Court of Appeals of Kentucky

September 27, 2013

JOHN H. RUBY APPELLANT
v.
MARCIA SCHERZER APPELLEE

APPEAL FROM JEFFERSON CIRCUIT COURT HONORABLE A. C. MCKAY CHAUVIN, JUDGE ACTION NO. 11-CI-403756

BRIEFS FOR APPELLANT: John H. Ruby

BRIEF FOR APPELLEE: Stephen P. Imhoff

BEFORE: LAMBERT, MOORE, AND VANMETER, JUDGES.

OPINION

LAMBERT, JUDGE:

Attorney John H. Ruby has appealed from the October 1, 2012, order of the Jefferson Circuit Court denying his motion to alter, amend, or vacate the court's August 29, 2012, order granting his former client Marcia Scherzer's motion to set aside a summary judgment, remanding a commissioner's sale, and dismissing his action. Because we agree with the circuit court that Ruby misapplied Kentucky Revised Statutes (KRS) 376.460, the attorney's lien statute, we affirm.

In October 2011, Ruby, a licensed and practicing attorney, filed a foreclosure action against Scherzer, whom Ruby had represented in a dissolution action filed by her husband, Frank Scherzer. In the complaint, Ruby sought to enforce an attorney's lien he filed in the Jefferson County Clerk's office on September 16, 2011, on real property owned by Scherzer that he claimed had been the subject of the litigation for which he had been representing her. Ruby filed the lien to protect his claim for attorney fees, which totaled $13, 502.84, plus 18% interest pursuant to their agreement, and he stated that he mailed the lien to Scherzer the date that he filed it. Ruby requested that the property be sold by the Master Commissioner to pay his lien. On November 21, 2011, Scherzer filed a pro se response to the complaint, disputing that she owed any additional attorney fees to Ruby and stating that she had already paid him more than $8, 000.00 to represent her in the dissolution action and had filed a complaint against him with the Kentucky Bar Association. She listed 5301 Layne Road in Louisville as her address.

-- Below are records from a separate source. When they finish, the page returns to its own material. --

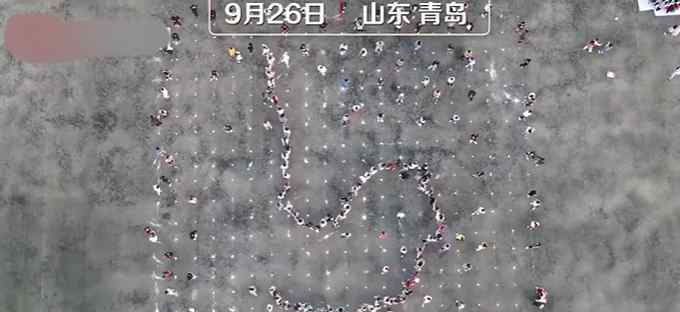 500名学生用贪吃蛇摆出中国地图 这种爱国教育就很棒了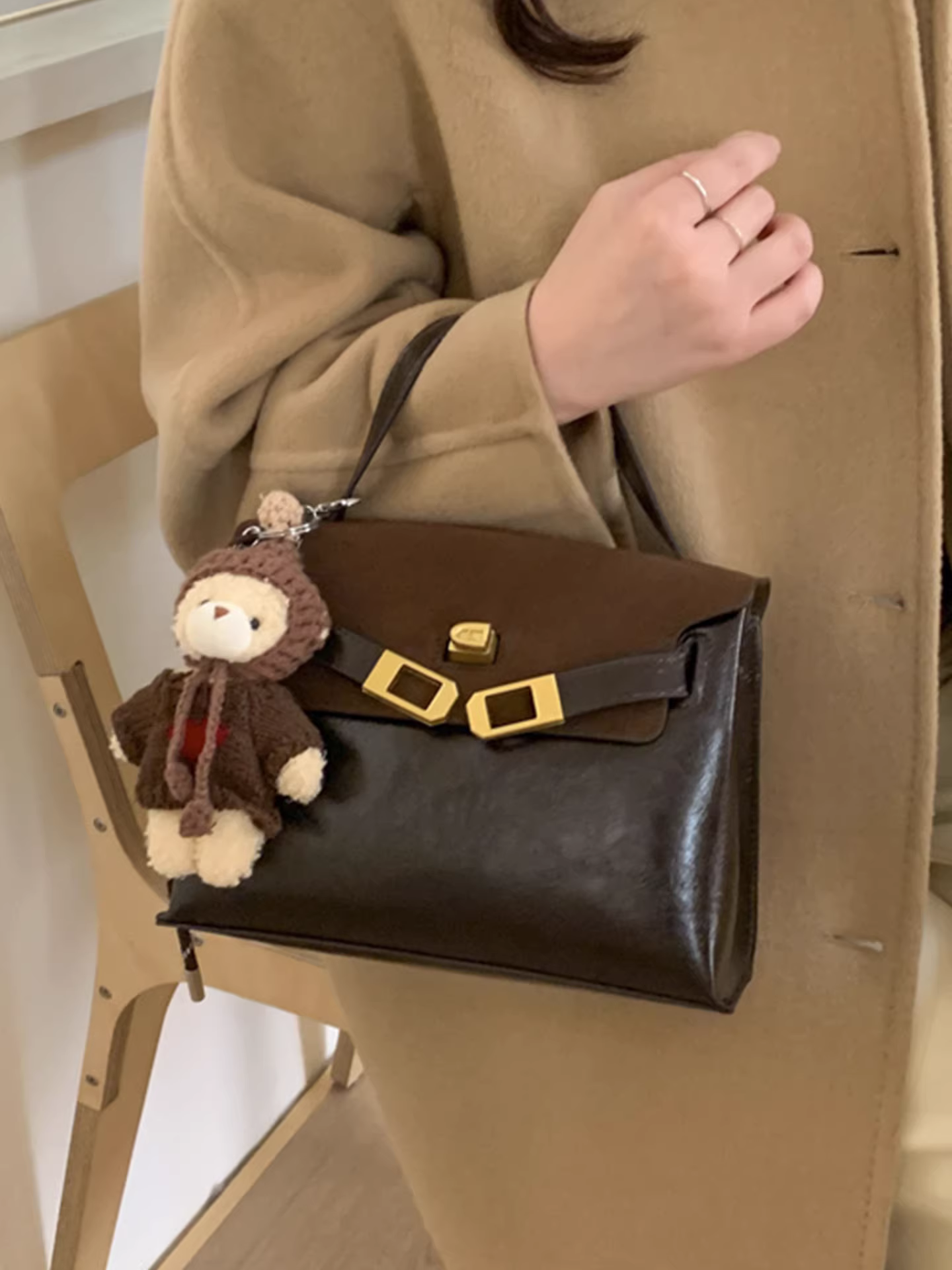 Túi xách retro nữ mùa thu đông 2025, thiết kế độc đáo, phong cách giản dị, đeo chéo một bên vai, túi cầm tay Kelly đang thịnh hành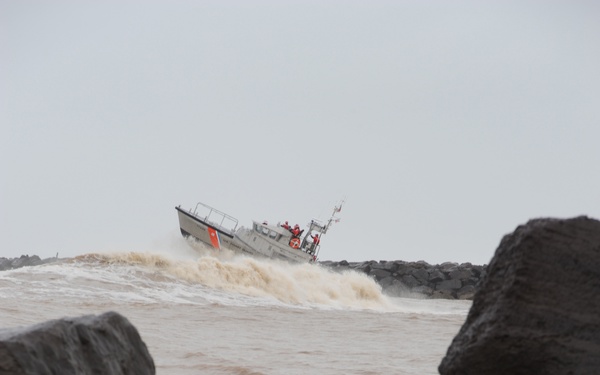 MLB training umpqua river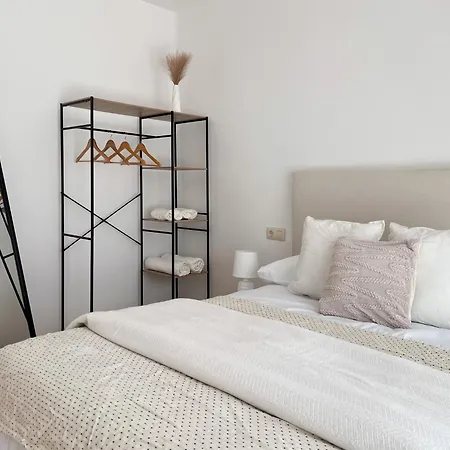 Semesterbostad Cerezashomes5 *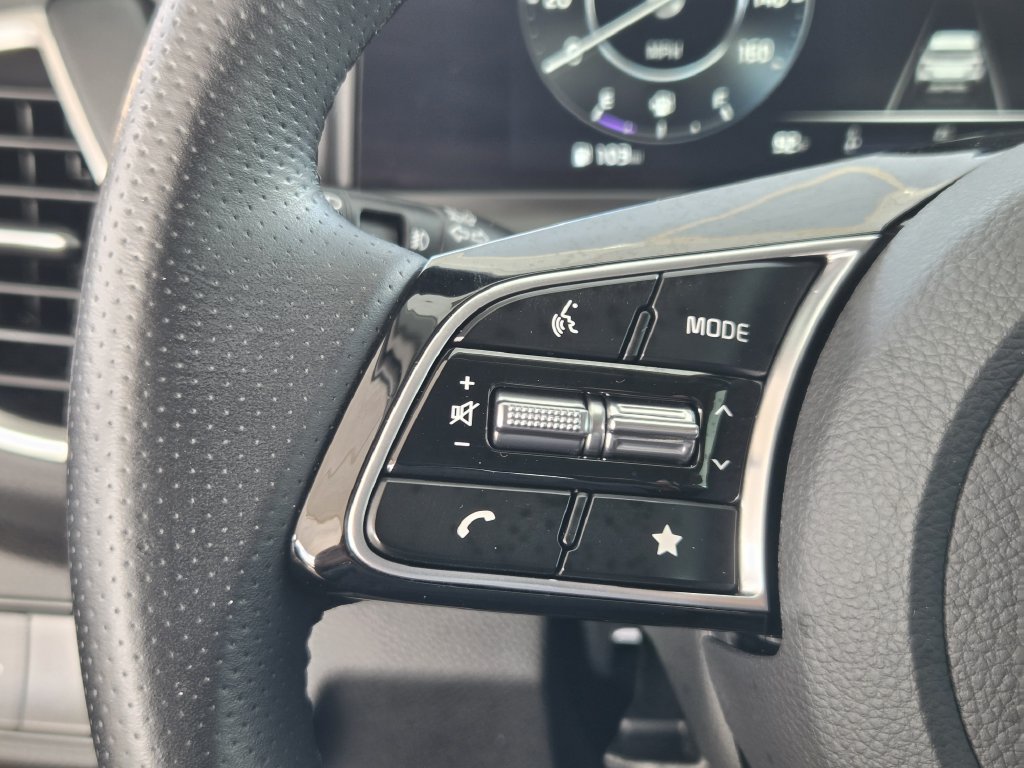 Used 2024 Kia Seltos SX w/ SX Sunroof Package AWD/4WD image 28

Ruby filed a motion for default judgment and order of sale on December 22, 2011, stating that no papers had been served on him by Scherzer. In the attached certificate, Ruby stated that Scherzer had been served on November 14, 2011, and that the amount due was $14, 110.47, inclusive of 18% interest, pursuant to the September 16, 2011, agreement. He also attached a copy of the legal description of Scherzer's property on Bates Lane upon which he had filed the lien. The Master Commissioner filed a report stating that Scherzer had filed an answer, making the entry of a default judgment inappropriate.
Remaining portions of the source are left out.